映画監督・NPO法人SocialNetProjectMOVE理事長

Yの病い

おおまかなカット割りを終える。詳細のつめは、スタッフ会議。
 
制作部、チーフ助監督のYとOが来訪。夏にひと月入院したというY。高血圧と血糖値が異常に高く、入院治療が必要となった。糖尿病の診断だったが、これが検査してみると副じんにできた腫瘍のせいとわかる。
 
悪性ではないという診断だったらしいが、年齢も60を過ぎつつあり、悪性に変異するまえに、12月に摘出しようということになったという。副じんのホルモンバランスが崩れ、糖尿と同じ症状が出るから、白内障にもなっている。
 
そんな体で、オレの仕事だからと、予定をやりくりして参加する気だ。
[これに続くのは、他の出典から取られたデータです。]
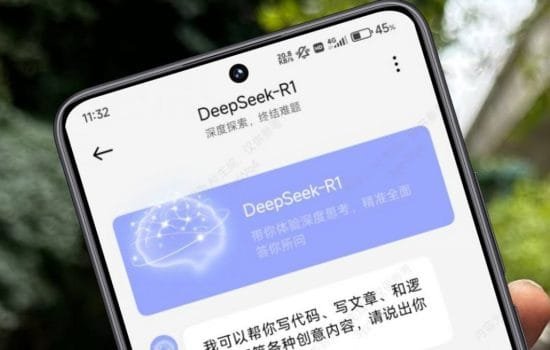 DeepSeek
いつも状況を笑い飛ばす骨太さがあるから、見た目、軽くいまの状況をいなしているかのように見えるが、実は、不安と心配があれこれ心をよぎっていることだろう。
 
Yとも、60前後の男たちと話すとき、いつも、みんなでうなづくことがある。
 
70過ぎ、80代などは、戦中戦後の食い物のない時代に成長期や青春期を生きている。粗食に鍛えられ、体も動かしてきた。そのあとのオレたち世代は、それに比べたら、貧しさは経験したものの、体や心が鍛えられていない。
 
それでいて、社会の中心や責任ある立場にあって、ストレスが大きい。耐性が弱く、免疫も弱くなっているオレらは、先行する世代のように長生きはできないだろう…。そういうと、大方の連中が自然にうなづく。
 
ぼくらは、あわれな子どもだから、目にあらわれたものしか、見えはしない…か。